Try using `a[0:1]` instead, which will return the first element of `a` inside a single item array.

## 回答 3

``np.concatenate((a, np.array([a[0]])))``

http://docs.scipy.org/doc/numpy/reference/generation/numpy.concatenate.html

Try this:

``````np.concatenate((a, np.array([a[0]])))
``````

http://docs.scipy.org/doc/numpy/reference/generated/numpy.concatenate.html

concatenate needs both elements to be numpy arrays; however, a[0] is not an array. That is why it does not work.

## 回答 4

``numpy.append(a, a[0])``

``a = numpy.append(a, a[0])``

This command,

``````numpy.append(a, a[0])
``````

does not alter `a` array. However, it returns a new modified array. So, if `a` modification is required, then the following must be used.

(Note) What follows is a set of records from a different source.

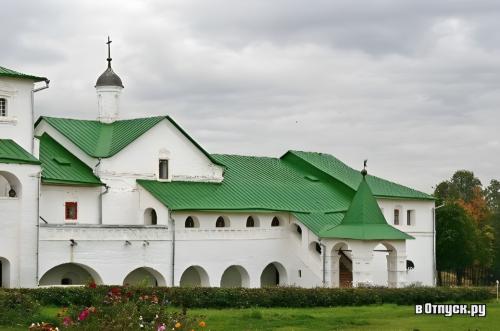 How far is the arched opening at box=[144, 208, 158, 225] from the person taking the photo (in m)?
41.3

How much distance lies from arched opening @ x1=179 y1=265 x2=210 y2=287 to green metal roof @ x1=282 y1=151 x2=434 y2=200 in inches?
439

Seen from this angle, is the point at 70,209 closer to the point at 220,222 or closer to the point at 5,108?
the point at 5,108

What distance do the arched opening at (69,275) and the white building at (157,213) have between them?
0.05 m

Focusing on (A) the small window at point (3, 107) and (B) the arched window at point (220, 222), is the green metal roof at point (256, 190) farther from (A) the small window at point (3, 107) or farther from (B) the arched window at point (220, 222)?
(A) the small window at point (3, 107)

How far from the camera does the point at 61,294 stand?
29.6 metres

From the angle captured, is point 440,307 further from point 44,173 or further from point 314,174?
point 314,174

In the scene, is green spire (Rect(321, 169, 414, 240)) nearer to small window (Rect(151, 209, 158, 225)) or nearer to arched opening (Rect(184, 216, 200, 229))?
arched opening (Rect(184, 216, 200, 229))

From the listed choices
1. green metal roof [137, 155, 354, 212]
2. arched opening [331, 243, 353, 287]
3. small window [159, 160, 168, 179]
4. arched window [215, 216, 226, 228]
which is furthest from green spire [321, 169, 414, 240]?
small window [159, 160, 168, 179]

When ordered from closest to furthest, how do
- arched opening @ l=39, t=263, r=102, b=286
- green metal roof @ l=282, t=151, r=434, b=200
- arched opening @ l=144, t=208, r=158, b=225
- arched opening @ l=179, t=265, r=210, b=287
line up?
arched opening @ l=39, t=263, r=102, b=286
arched opening @ l=144, t=208, r=158, b=225
arched opening @ l=179, t=265, r=210, b=287
green metal roof @ l=282, t=151, r=434, b=200

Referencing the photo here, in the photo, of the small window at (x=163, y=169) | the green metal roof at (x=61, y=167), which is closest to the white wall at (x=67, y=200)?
the green metal roof at (x=61, y=167)

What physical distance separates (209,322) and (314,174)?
1019 inches

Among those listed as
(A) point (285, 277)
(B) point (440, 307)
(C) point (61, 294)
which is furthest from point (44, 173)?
(B) point (440, 307)

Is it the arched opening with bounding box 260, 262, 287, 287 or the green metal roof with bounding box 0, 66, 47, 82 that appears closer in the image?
the green metal roof with bounding box 0, 66, 47, 82

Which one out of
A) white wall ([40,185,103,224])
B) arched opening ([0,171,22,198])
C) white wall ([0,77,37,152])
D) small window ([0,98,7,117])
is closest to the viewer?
arched opening ([0,171,22,198])
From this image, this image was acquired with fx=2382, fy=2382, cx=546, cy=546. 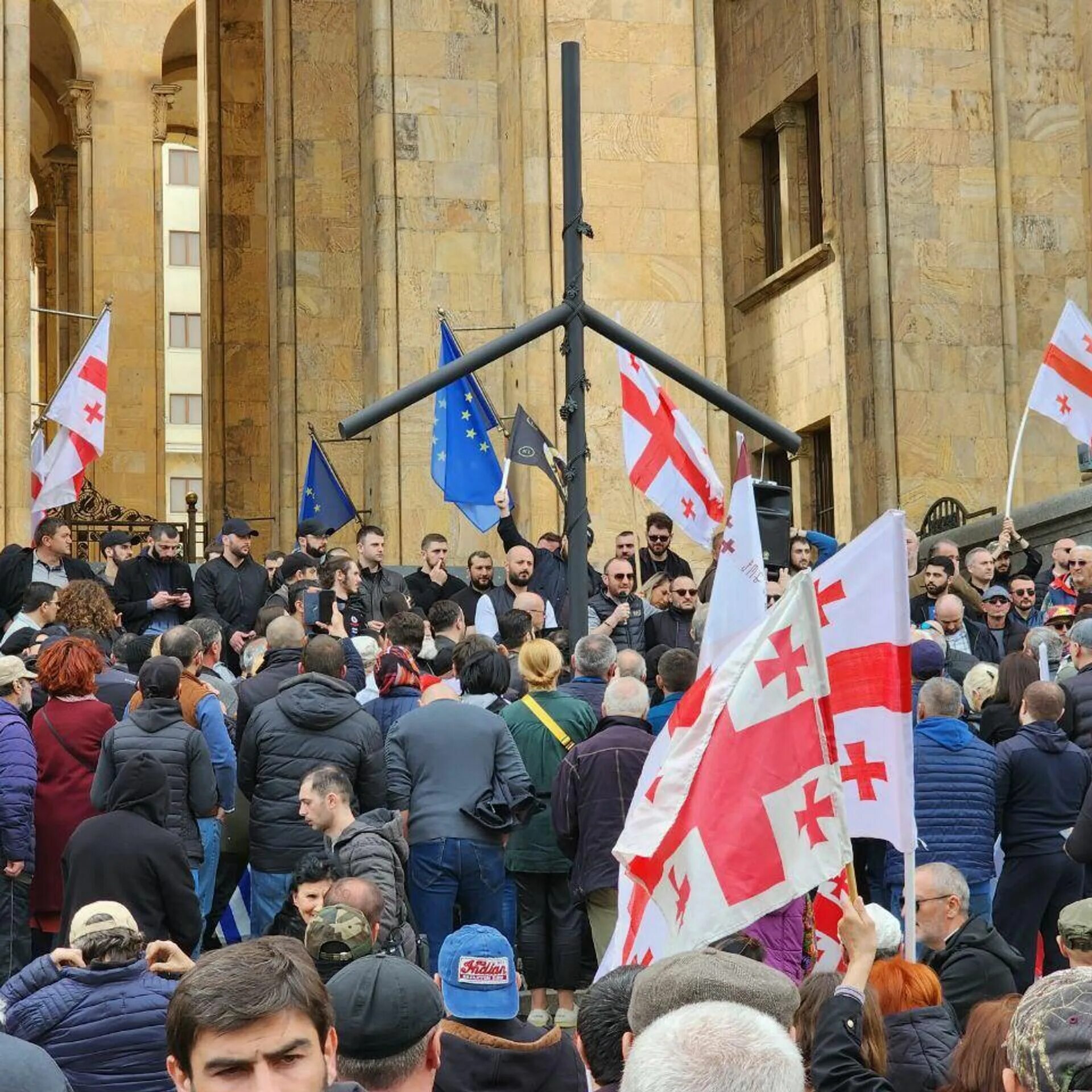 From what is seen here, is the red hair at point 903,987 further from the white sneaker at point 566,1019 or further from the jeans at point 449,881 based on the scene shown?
the jeans at point 449,881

``````a = numpy.append(a, a[0])
``````

## 回答 5

``````t = np.array([2, 3])
t = np.append(t, [4])``````
``````t = np.array([2, 3])
t = np.append(t, [4])
``````

## 回答 6

``````>>> a = np.array([1, 2, 3])
>>> np.take(a, range(0, len(a)+1), mode='wrap')
array([1, 2, 3, 1])

>>> np.take(a, range(-1, len(a)+1), mode='wrap')
array([3, 1, 2, 3, 1])``````

This might be a bit overkill, but I always use the the `np.take` function for any wrap-around indexing:

``````>>> a = np.array([1, 2, 3])
>>> np.take(a, range(0, len(a)+1), mode='wrap')
array([1, 2, 3, 1])

>>> np.take(a, range(-1, len(a)+1), mode='wrap')
array([3, 1, 2, 3, 1])
``````

## 回答 7

``np.append(a,1)``

Let’s say `a=[1,2,3]` and you want it to be `[1,2,3,1]`.

You may use the built-in append function

``````np.append(a,1)
``````

Here 1 is an int, it may be a string and it may or may not belong to the elements in the array. Prints: `[1,2,3,1]`

## 回答 8

`a = numpy.append(a, 1)` 在这种情况下，在数组末尾添加1

`a = numpy.insert(a, index, 1)` 在这种情况下，您可以将1放置在所需的位置，并使用index设置数组中的位置。

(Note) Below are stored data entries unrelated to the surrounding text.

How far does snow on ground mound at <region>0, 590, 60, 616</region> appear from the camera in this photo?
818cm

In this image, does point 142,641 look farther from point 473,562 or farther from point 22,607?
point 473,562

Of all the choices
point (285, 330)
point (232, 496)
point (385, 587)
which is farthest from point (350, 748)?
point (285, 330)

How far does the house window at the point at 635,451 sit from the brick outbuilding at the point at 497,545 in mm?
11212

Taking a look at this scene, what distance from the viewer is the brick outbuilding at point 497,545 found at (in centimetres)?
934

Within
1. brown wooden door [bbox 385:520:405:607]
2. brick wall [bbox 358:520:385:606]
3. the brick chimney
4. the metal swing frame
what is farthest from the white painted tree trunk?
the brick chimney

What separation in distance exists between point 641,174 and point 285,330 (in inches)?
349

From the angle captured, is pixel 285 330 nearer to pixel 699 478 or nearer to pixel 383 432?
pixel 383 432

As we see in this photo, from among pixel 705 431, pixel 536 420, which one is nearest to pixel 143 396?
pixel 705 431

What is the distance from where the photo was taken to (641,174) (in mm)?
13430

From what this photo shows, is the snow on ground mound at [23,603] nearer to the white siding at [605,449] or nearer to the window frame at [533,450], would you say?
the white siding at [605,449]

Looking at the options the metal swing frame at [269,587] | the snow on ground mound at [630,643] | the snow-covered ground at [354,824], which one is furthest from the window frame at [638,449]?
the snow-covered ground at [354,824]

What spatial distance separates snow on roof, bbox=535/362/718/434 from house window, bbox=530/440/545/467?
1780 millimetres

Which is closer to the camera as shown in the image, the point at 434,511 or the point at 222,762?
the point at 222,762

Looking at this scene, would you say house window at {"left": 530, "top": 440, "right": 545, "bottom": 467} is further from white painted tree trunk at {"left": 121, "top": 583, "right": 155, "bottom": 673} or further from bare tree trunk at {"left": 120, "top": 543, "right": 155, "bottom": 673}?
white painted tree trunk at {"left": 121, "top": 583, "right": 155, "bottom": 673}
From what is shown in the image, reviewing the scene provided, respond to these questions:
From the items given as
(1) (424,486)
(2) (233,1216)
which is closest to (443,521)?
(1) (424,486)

If you want to add an element use `append()`

`a = numpy.append(a, 1)` in this case add the 1 at the end of the array

If you want to insert an element use `insert()`

`a = numpy.insert(a, index, 1)` in this case you can put the 1 where you desire, using index to set the position in the array.